Technology in not a matter to be satisfied with its present success. Once upon a time, Computer Programming was totally meant by binary machine code writing. And Computer Programmers ware someone very magical person who can control a big machine with his/her codes. But now it'll be seemed to be fairy tales to modern programmers. Just think about a scenario where Microsofts chief programmer is writing Windows 8 Operating System program with machine code and after each code-word writing, asking his assistant for next binary code.
Hopefully, present scenario is not like that. We invented high level programming languages that can replace human natural language in computer. Just syntax and semantics. We invented mouse for faster user interface. Have another look at the word "User Interface". I'm writing this article for this word.

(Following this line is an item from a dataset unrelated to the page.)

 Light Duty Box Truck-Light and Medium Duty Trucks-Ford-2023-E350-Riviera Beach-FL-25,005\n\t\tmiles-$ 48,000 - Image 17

Lets have a discuss about "User Interface". User interface in something by which a user interacts with computer [perspective computer]. First user interface was Keyboard. Think about Unix shell/bash/terminal or command prompt whatever you want to tell that thing. That is Keyboard interface. But it's not suitable for us as it's very hard to memorize all that commands. We need something that we can visualize. Here comes Mouse interface. We love Mouse for what we are doing also we are viewing. But human wants more. Human do not want to be confined in something like wire. So, we invented wireless mouse, keyboard. But human wants even more. So think, think, think about alternative solution to user interface. "How we can use these mouse/keyboard with my house robot?" Million dollar question. It's not far away when we all (hopefully!) have a personal robot just like today's personal computer [thanks Steve Jobs]. Shall we use a wireless keyboard or mouse to control them? The answer is NO. We must have to find another solution.
Now lets think about our sensing type
- Smell: won't work with interface
- Test: this too
- Touch: this may work
This may be our next user interface. We'll speak and machine will work. That would be very fun. Actually this interface is of great use in Human Computer Interface (HCI) or Human Robot Interface (HRI). This is very cheap too. We need only a microphone to make hear our voice to the machine. Of course the machine should be able to understand what we are saying to them. This is the biggest part. But main problem of this system that background noise can reduce this performance greatly. And we live in a noisy environment.
I love computer vision, because it fun to play with it. So my words may be doped with partiality. It needs only a single camera [may be the cheapest webcam] to understand 2D scene and another camera should be added to understand 3D scene. Also scattering background is a problem but there are enough options to play with.
Hand Gesture Recognition:
Enough background saying. Lets dive into our Computer Vision. With computer vision, we can do a great bunch of work. Like identifying human with it's face, monitoring facial expression of a human, surveillance system etc. But what I'm interested in is User Interface. For that reason, gesture is of ultimate interest. And also hand gesture recognition can be a very effective user interface. We can control our computer or robot with hand gesture recognition techniques no matter what is noise level of that workplace is.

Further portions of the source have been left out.